П. Фицджеральд. Хирухарама

Мистер Тэннер непременно желал объяснить, как так получилось, что у них в семье оказался свой юрист, а потому, когда они решили распродать имущество и уехать из Новой Зеландии, им было на кого положиться в деловых вопросах.
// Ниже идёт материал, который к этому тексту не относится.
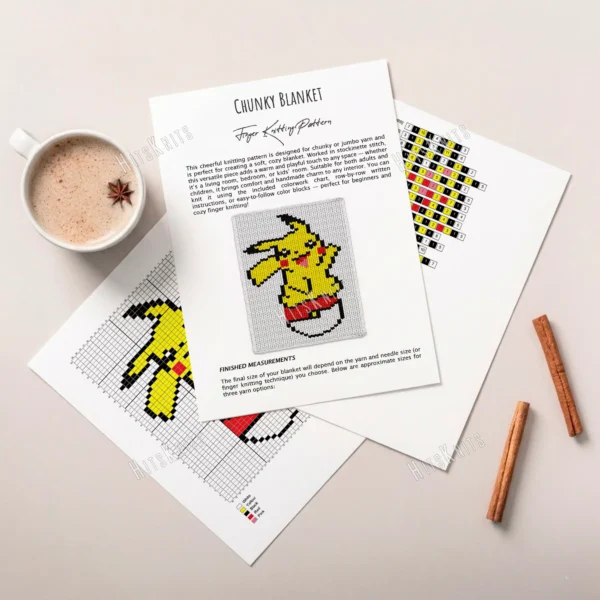 Pikachu Blanket Finger Knitting Pattern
Чтобы все стало понятно, сперва нужно было сказать пару слов о дедушке мистера Тэннера: он рано осиротел, и из родного Стэмфорда в Линкольншире его послали за море, к богатым хозяевам, жившим к северу от Окленда, — предполагалось, что в подмастерья, а на деле вышло, что в слуги. Он чистил ножи, ходил за лошадьми, прислуживал за столом, рубил дрова. Там, в Окленде, приехав как-то раз за покупками, он познакомился с Китти, бабушкой мистера Тэннера. Китти приплыла из Англии, надеясь устроиться гувернанткой, и тоже обнаружила, что на самом деле нужна как прислуга. Ей было шестнадцать лет; Тэннер попросил ее подождать три года, пока он накопит денег и сможет жениться. Разговор этот происходил на методистском благотворительном чаепитии всего через пару недель после их знакомства. «У тебя в Англии много родни?» — спросила Китти. «Только сестра», — ответил Тэннер. «Старшая или младшая?» — «Старшая». Наверное, думает, я уже выучился ремеслу. Наверное, думает, я хорошо устроился в жизни. «А ты ей давно не писал?» — «Давно».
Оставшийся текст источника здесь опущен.